Short web captions:
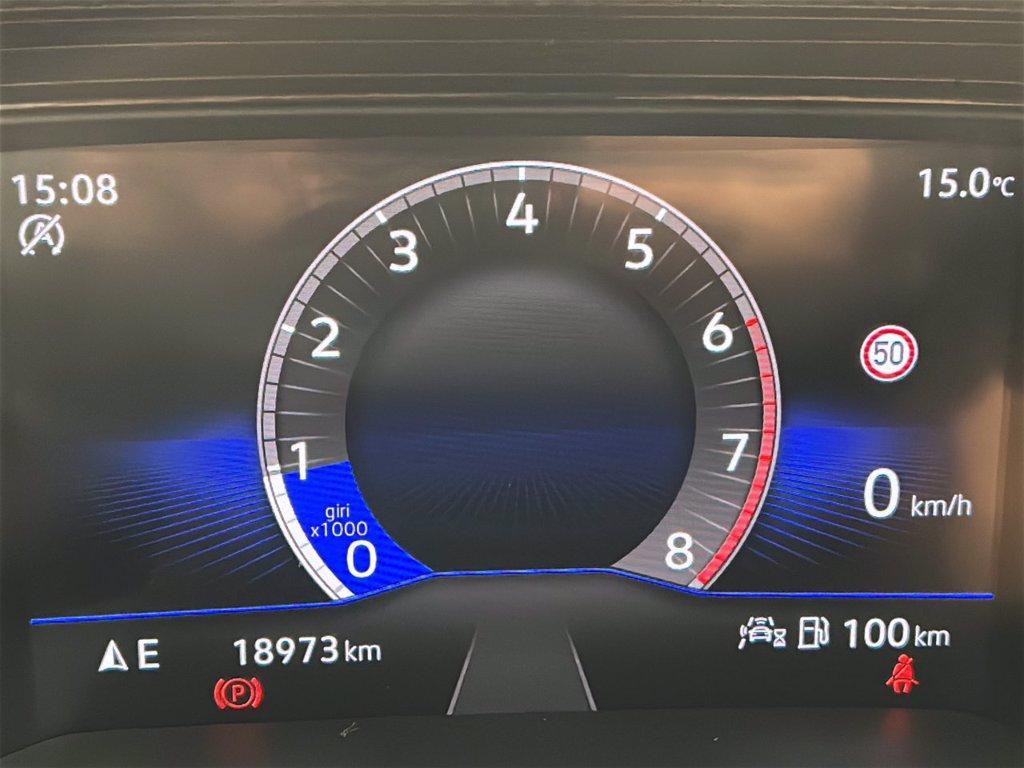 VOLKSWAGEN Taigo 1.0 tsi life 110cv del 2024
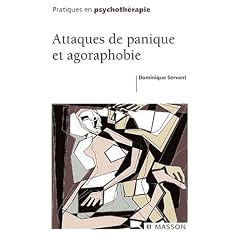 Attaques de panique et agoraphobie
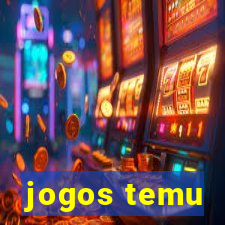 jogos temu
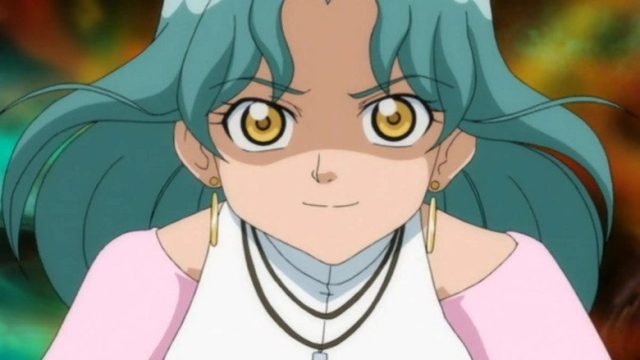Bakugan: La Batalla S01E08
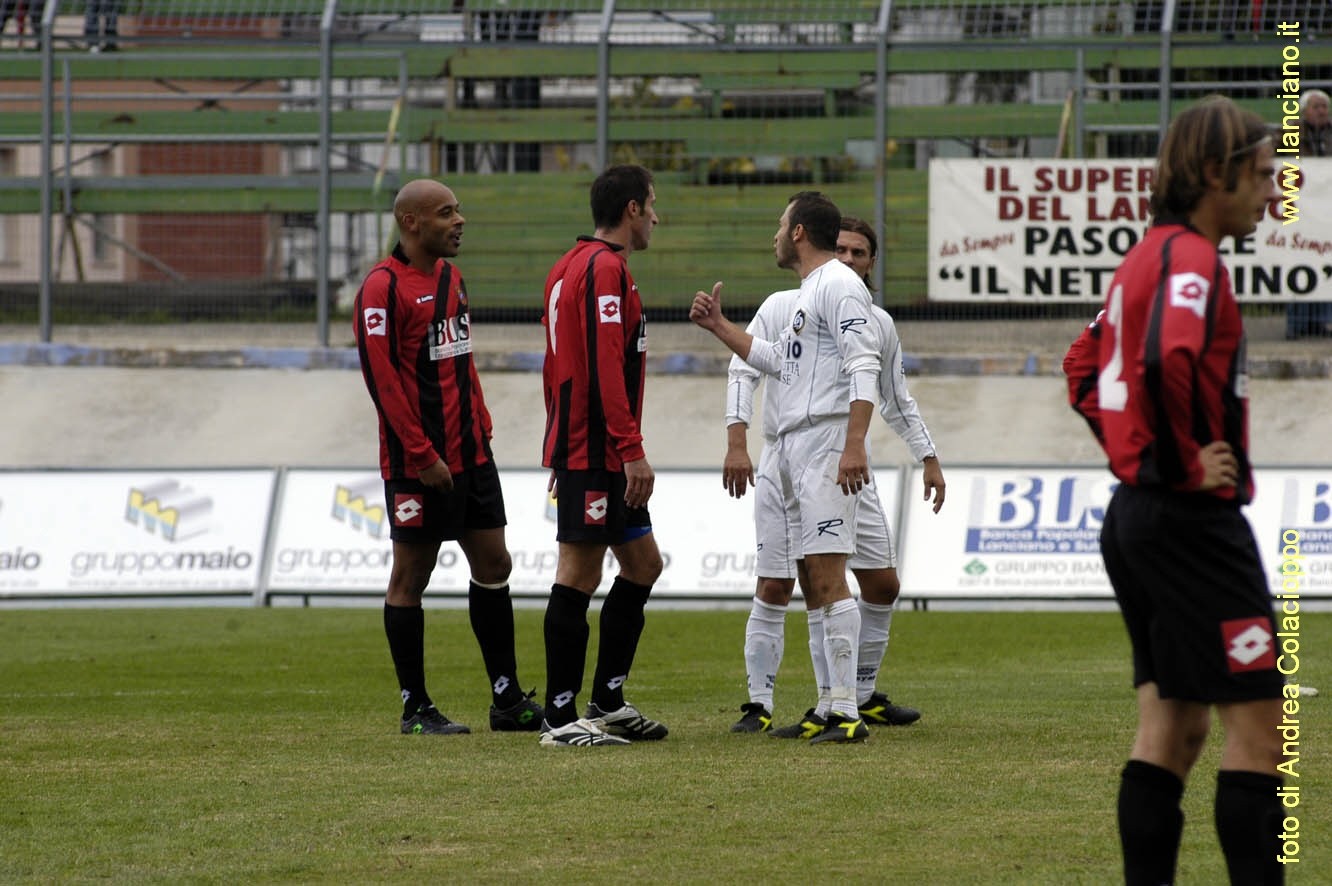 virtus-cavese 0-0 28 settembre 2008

(TASK DIRECTIONS)
Every entry, word for word: repeat it, but skip the images.

(EXERCISE RESPONSE)
 VOLKSWAGEN Taigo 1.0 tsi life 110cv del 2024
 Attaques de panique et agoraphobie
 jogos temu
Bakugan: La Batalla S01E08
 virtus-cavese 0-0 28 settembre 2008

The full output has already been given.